The late Dr. F. Douglas Dillard, Jr. preached about the hope we are called to proclaim with these words:
“To hope is not to ignore the future and say it is not ours to fashion. Hope is the art of learning to rest our anxieties in the love and adequacy of God . . .The longer I live, the more I feel that no discouraging situation into which we sail is pure disaster with nothing that can be done about it. We do not deny the pain; we throw out the anchor of hope and go to work to become aware of the possibilities of redemption.
- 30-31, Journeying With God, Dr. F. Douglas Dillard, Jr.
Proclaimers of hope. Moving forward with life and faith even when we encounter challenges that seem to lead us to dead-end streets.
See if you can guess the name of this person who lived by the calling of hope as he professed faith in Jesus Christ. When he was seven-years-old, his family was forced out of their home because of a legal technicality. He had to work as a child to help support them. Ag age nine, while still a backward, shy little boy, his mother died. At twenty-two, he lost his job as a store clerk. He wanted to go to law school, but his education was not good enough. At twenty-three, he went into debt to become a partner in a small store. Three years later his business partner died, leaving him a huge debt that took years to repay. At twenty-eight, after developing a romantic relationship with a young woman for four years, he asked her to marry him. She said no. An earlier youthful love he shared with a lovely girl ended in heartache with her death.

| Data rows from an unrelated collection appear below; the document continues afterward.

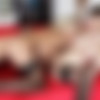 [LetsPlayLez.com / 21Sextury.com] Gelya and Busty Daisy [2011 ., Anal,Teen,Dildo,720p] thumb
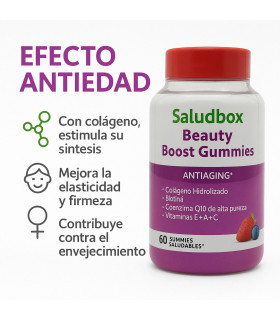beautyboost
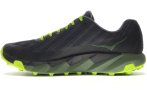 Hoka One One Torrent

At thirty-seven, on his third try, he was finally elected to Congress. Two years later, he ran again and failed to be re-elected. At about this time he had what some today would call a nervous breakdown. At forty-one, adding additional heartache to an already unhappy marriage, his four-year-old son died. The next year he was rejected for Land Officer. At forty-five, he ran for the Senate and lost. Two years later, he was defeated for nomination for Vice President.

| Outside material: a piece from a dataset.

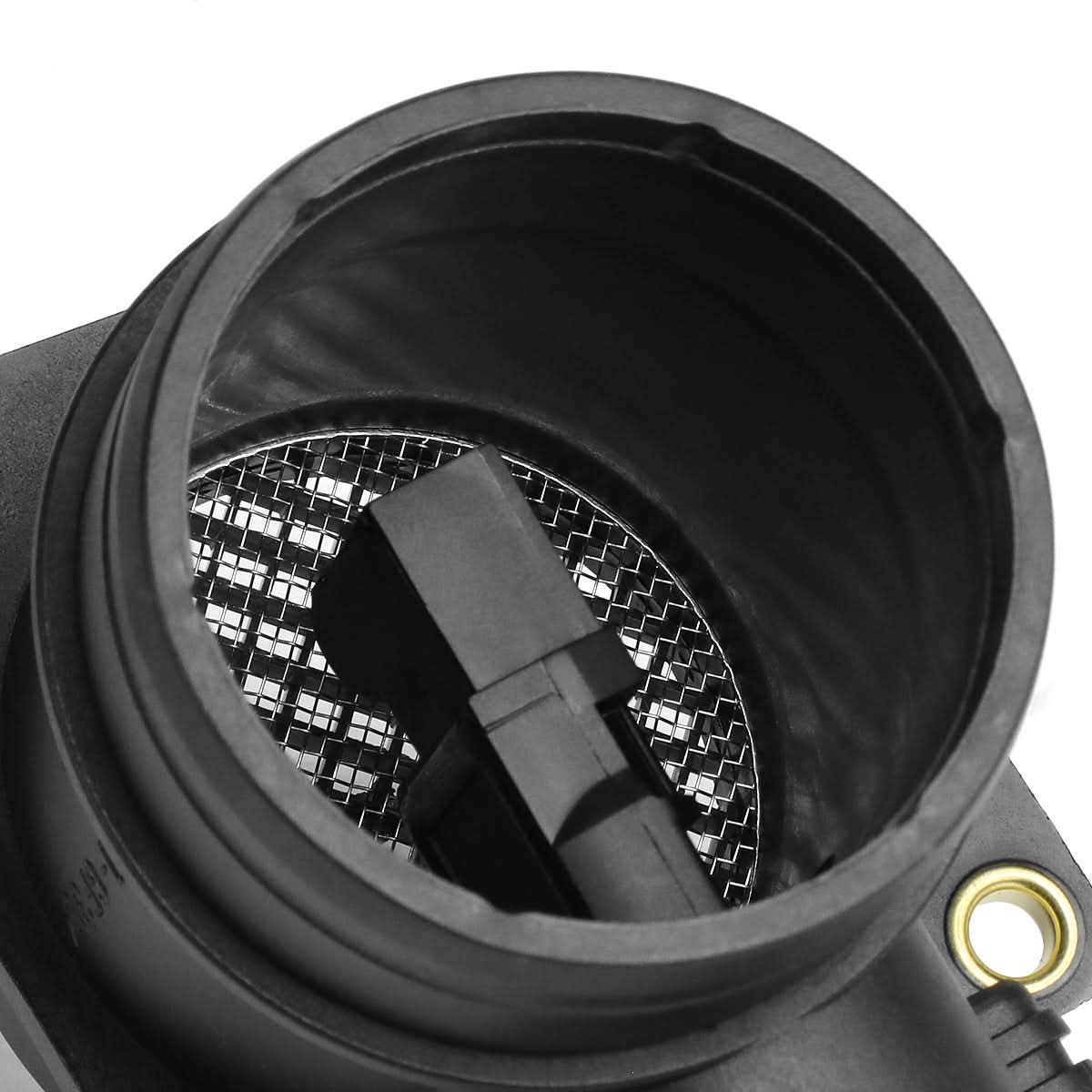 2001-2010 Volkswagen Multi-Model Engine Sensor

At forty-nine, he ran for the Senate again … and lost again. At fifty-one, however, he was elected the 16th President of the United States in a time of national upheaval that resulted in a civil war. His name was Abraham Lincoln.
Growing Strong in the Seasons of Life, Charles Swindoll
At his second Inaugural Address, Abraham Lincoln shared the following proclamation of hope that is inscribed on a wall of the Lincoln Memorial in Washington, D. C.

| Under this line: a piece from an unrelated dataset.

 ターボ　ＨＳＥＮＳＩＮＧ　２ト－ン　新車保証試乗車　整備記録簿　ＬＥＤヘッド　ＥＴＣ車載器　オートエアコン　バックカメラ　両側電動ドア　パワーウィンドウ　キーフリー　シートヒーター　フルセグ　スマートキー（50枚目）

“With malice toward none; with charity for all; with firmness in the right, as God gives us to see the right, let us strive on to finish the work we are in; to bind up the nation’s wounds.”
We find ourselves in a time when our nation’s wounds need to be bound up. We find ourselves in a time when our world’s wounds need to be bound up. We find ourselves in a time when we are being called to proclaim the hope to which God has called us. May God bless us as we live our calling to be proclaimers of hope in the name of the Father, the Son, and the Holy Spirit. Amen.